Jon Gray is different.
Only because I can’t stop thinking about it right now, I’ll mention the first reason Jon Gray is different: his hair. I mean, the dude has serious blonde flow. Check it out!
Enough about hair; here’s the important way Jon Gray is different. His stuff can overcome Coors! Let’s start with velocity: Gray’s fastball averaged an even 95 miles per hour in 2016, according to PITCHf/x. With the way that the ball flies in Denver, the first step to success is being able to blow the ball by hitters on occasion; Gray has the stuff to do that.
The more intriguing element to Gray’s arsenal comes in the breaking ball department. I really should say elements, because he has two breaking balls: a slider, which he threw 25.9% of the time last year, and a curveball, which he threw at a 10.4% rate. The thin air at Coors Field can affect the way breaking balls move. To sum it up in the least physics-y way possible, breaking balls have a tendency to be flatter at Coors. They won’t have as much drop, which especially affects pitchers with good curveballs. Jon Gray has a good curveball, but he has an even better slider. He even throws a half-decent changeup into the mix when he has to.
The mysterious ‘they’ say that pitchers taking the mound at Coors Field are unsure of how their stuff will play on a given day. Gray, moreso than maybe any pitcher the Rockies have had, has options. If his curveball is flat like it generally would be in Denver, he can just throw his slider a lot more. If something about his slider is off at altitude, he has the potential to work his curve or changeup into the mix more. And hey, if nothing else, he can just try to throw the ball as hard as he can, and it might just work.
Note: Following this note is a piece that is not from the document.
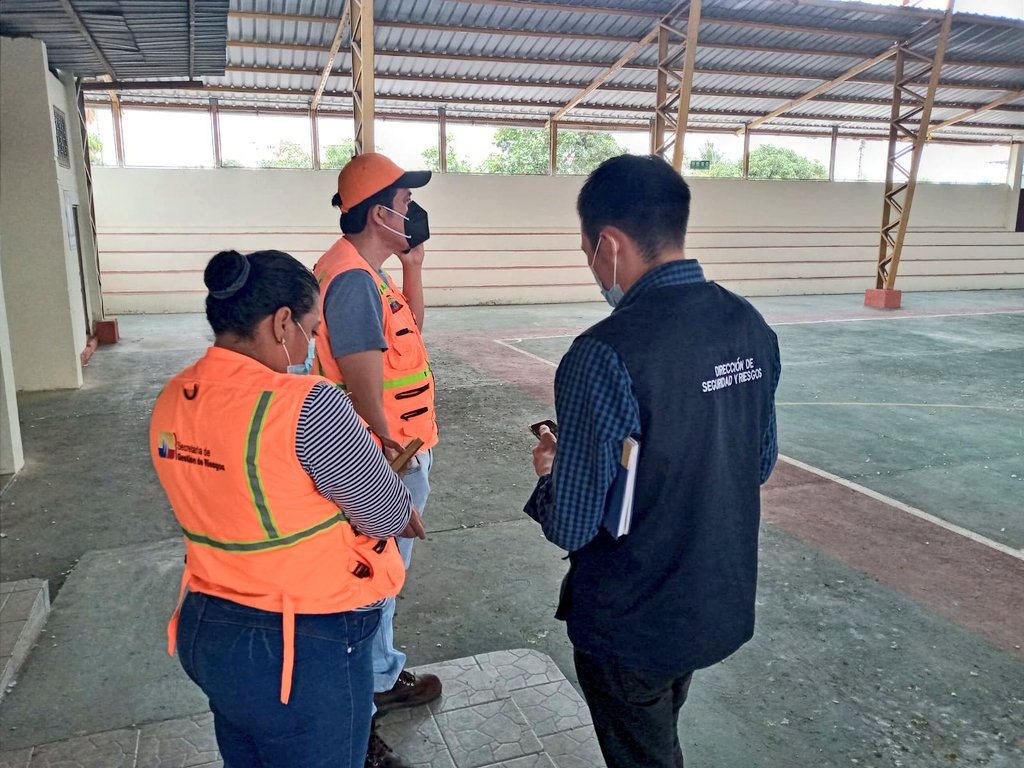 Secretaría de Gestión de Riesgos inspecciona albergues temporales en Guayaquil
Now if you’re still with me, digested all this information, and went to find out more about Jon Gray, you’d find something intriguing in his 2016 splits. After all I’ve just told you about Coors, Gray actually had a higher ERA on the road last year, in an almost equal amount of innings as at home (on the road he was at 4.91, compared to 4.30 at home). It’s tough to pinpoint exactly why, but the best part is, Gray has already partially conquered Coors. A 4.30 ERA there from a pitcher still improving gives hope of even lower numbers.
If he can undo the doubling of his walk-rate on the road last year, an inexplicable phenomenon that can be explained mostly away by a few blow-up outings away from home, Gray can at least equal his home ERA on the road. Odds are, he’d end up with a lower ERA on the road than at home, and sneak his season ERA under 4.00. From a starting pitcher who will strike out more than a batter an inning, that’s a huge deal. He’s still only 25.
Jon Gray is different. He’s got the hair, he’s got the stuff, and now all he has to do is go out and conquer Coors. We’ve been fooled by Rockies pitchers before, but if you’re the guy in your league who can look past that stigma, you might just find yourself a huge steal in this one. It’s been a long time in the making, and the Rockies may finally have their ace.